“É um protesto político, e não do povo”
Moradores de São Paulo tomam medidas para driblar a greve Condutores do metrô e ônibus ignoram a mobilização
Os sindicatos brasileiros quiseram aproveitar a insatisfação generalizada que há um mês lota as ruas do país e convocaram grandes manifestações populares – o Dia Nacional de Luta – mas o resultado não foi como o esperado. “Ameaçaram bloquear nove estradas e só bloquearam duas. Fazia dois anos que não convocavam uma greve tão grande, mas está tudo normal. Isto é um protesto de partidos, e não do povo, como os outros”, disse ontem Adailton, 40 anos, em São Paulo.
“Hoje eu cheguei bem cedinho.
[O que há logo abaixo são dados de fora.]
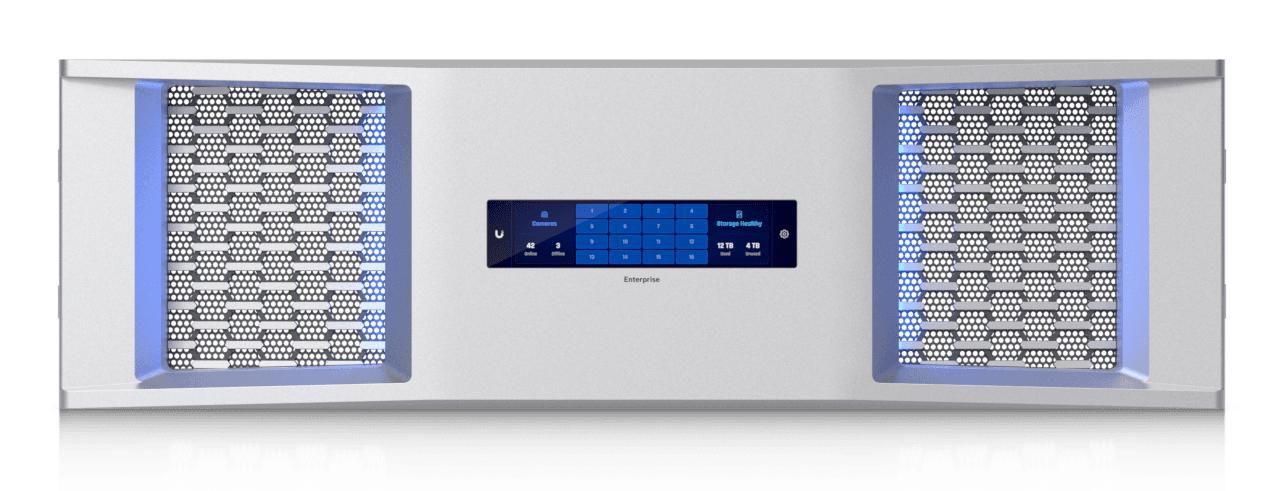 Ubiquiti UACC-3U-Bezel – Frontblende, Touchscreen 11,9 cm (4,7"), Polycarbonat, Grau, für UniFi 3U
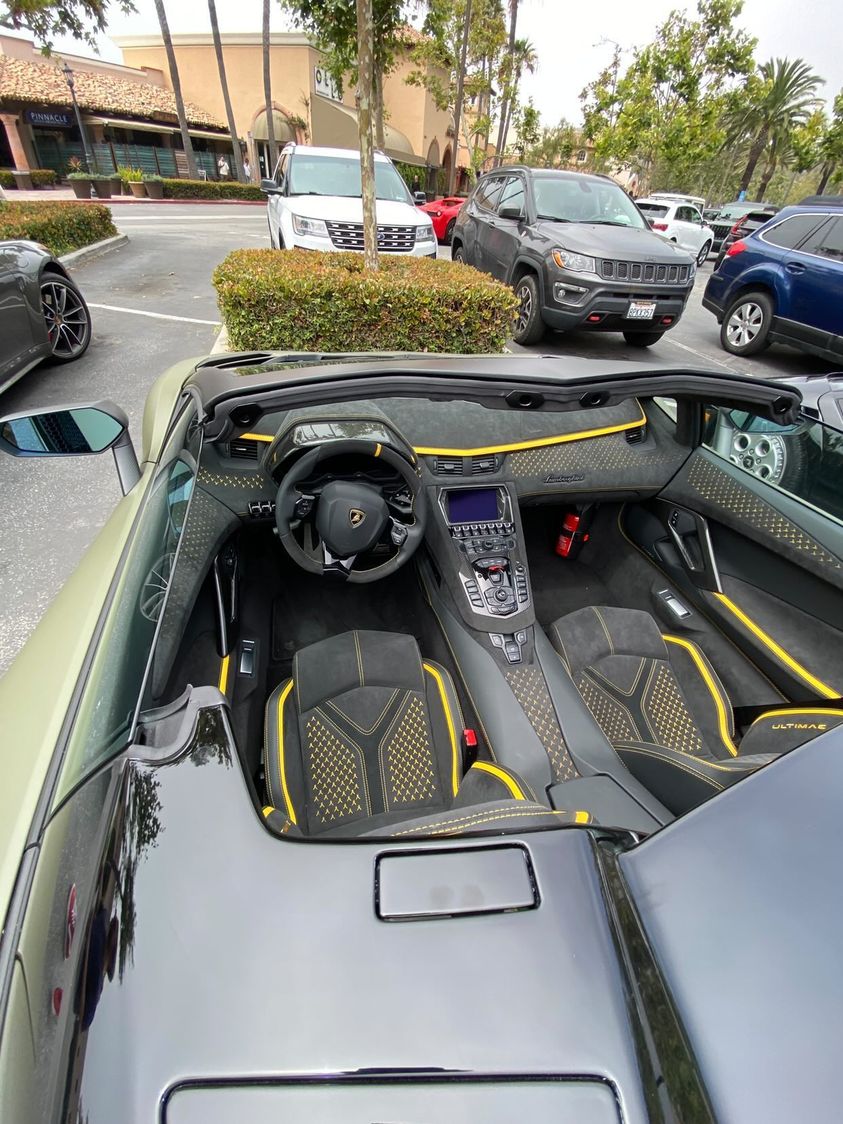 2022AventadorLP780-4 Ultimae Roadster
Levantei duas horas antes para chegar a tempo, porque todo mundo dizia que a cidade ia parar e fui a primeira a chegar”, lamentou Michelle Ramiro, gerente de uma lanchonete.
Os principais problemas ocorreram no interior e no litoral do estado de São Paulo, onde por mais de seis horas os sindicatos conseguiram bloquear algumas estradas, polígonos industriais e a entrada de portos importantes, como o de Santos. Os grevistas pertencem principalmente aos setores metalúrgico, portuário, petroleiro e bancário e, entre outras coisas, exigem a redução da jornada de trabalho de 44 para 40 horas semanais.
Na avenida Paulista, principal artéria urbana da cidade e cenário das grandes passeatas contra o aumento das tarifas de transporte, cerca de 2.000 mil manifestantes, segundo cálculos da Polícia Militar, pararam o trânsito por horas nos dois sentidos.
Na véspera da greve, o clima levou a pensar em um dia caótico, mas a negativa dos motoristas de ônibus e condutores do metrô a se unirem à greve esvaziou as manifestações na cidade, como reconheceu João Carlos Gonçalves, secretário da Força Nacional, uma das centrais organizadoras. Ainda assim, muitos decidiram ficar em casa, de empregadas domésticas a executivos de multinacionais.
As empresas sugeriram aos empregados que ficassem em casa, como aconteceu no último mês de manifestações e protestos sociais: “A recomendação é que os profissionais de São Paulo não venham ao escritório. Por isso, se for possível, preparem-se para trabalhar à distância”, dizia uma circular numa importante consultoria internacional. “Hoje está deserto, a maioria decidiu não sair para não se arriscar. Alguns chefes não descontam o dia se você faltar”, contou César Araújo Correa, jornaleiro em uma estação de ônibus do centro, mostrando a pilha de jornais encalhados.
“Avisei às patroas que não ia poder trabalhar. Eu vivo em Guarulhos e seria impossível chegar ao centro com tudo parado”, explicou Wilma Martins da Silva, empregada doméstica de 64 anos que fez uma maratona para cumprir o horário. “Deu tudo certo e cheguei a tempo, mas não foi fácil. Vim de carro até a entrada da cidade, aguentei o trânsito de sempre, tomei o trem e depois o ônibus. Ainda bem que funcionaram”, contou a senhora enquanto esperava o ônibus para fazer faxina numa terceira casa.
As primeiras análises da jornada indicavam que os sindicalistas não tinham sabido aproveitar a indignação das ruas. “A relação [de desconfiança] com os políticos e dirigentes sindicais, ligados a diferentes partidos e ao governo, explica o número tão baixo de pessoas nas ruas até agora, comparado com o contingente nas mobilizações do Movimento Passe Livre [que reivindicava a redução das tarifas de transporte]”, afirmou Marco Antônio Carvalho Teixeira, da Fundação Getúlio Vargas, à Folha de São Paulo.